What needs to be done: Could every line of the listing be output exactly, with the pictures skipped?

(Beginning of Available data)

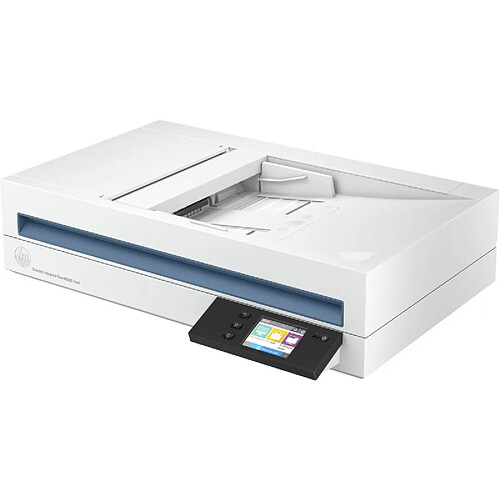 Scanner HP Scanjet Enterprise Flow N6600 FNW1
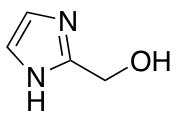 1H-Imidazol-2-ylmethanol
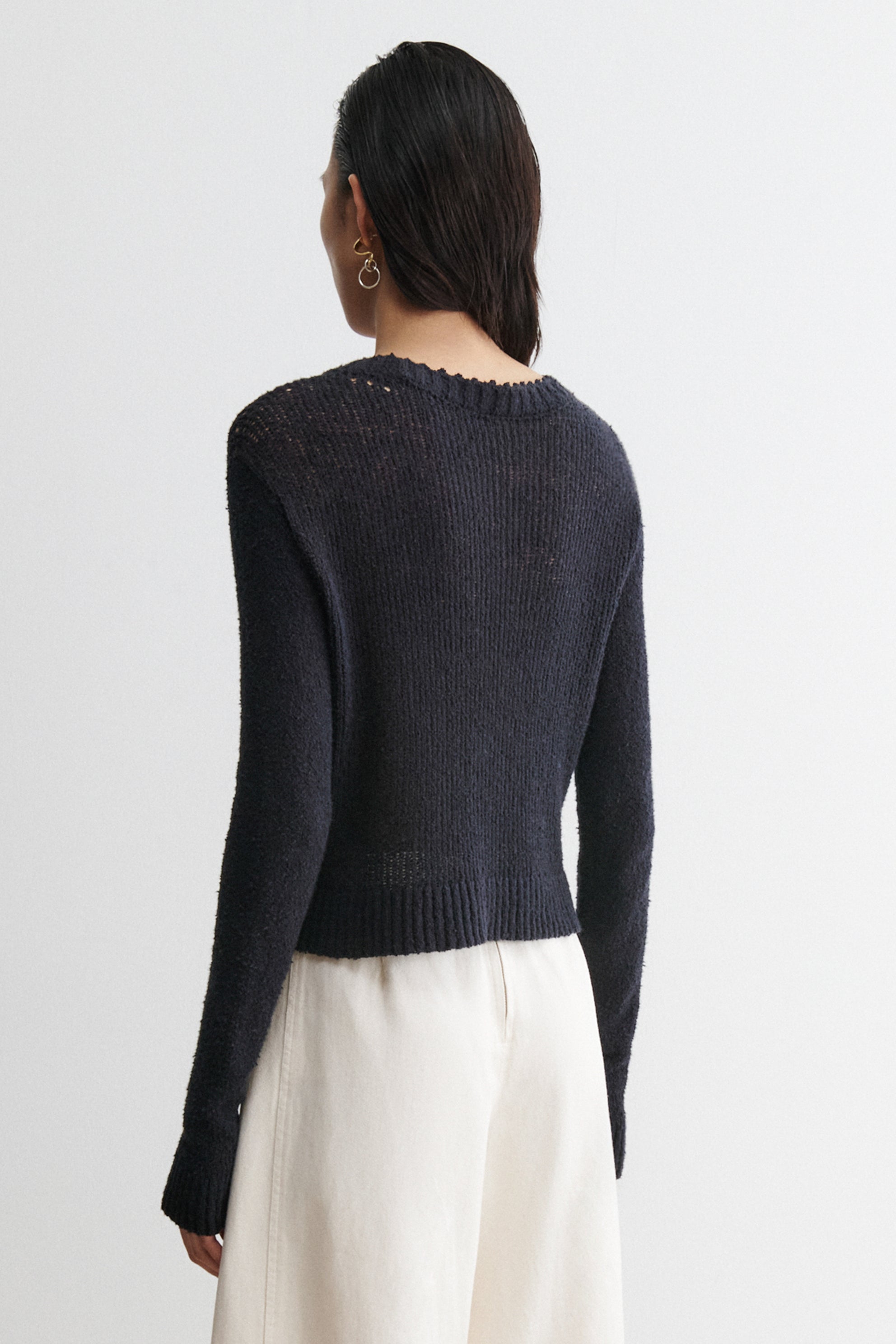 Barca Pullover-KNITWEAR-Rachel Comey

(End of Available data)

Exercise result:
 Scanner HP Scanjet Enterprise Flow N6600 FNW1
 1H-Imidazol-2-ylmethanol
 Barca Pullover-KNITWEAR-Rachel Comey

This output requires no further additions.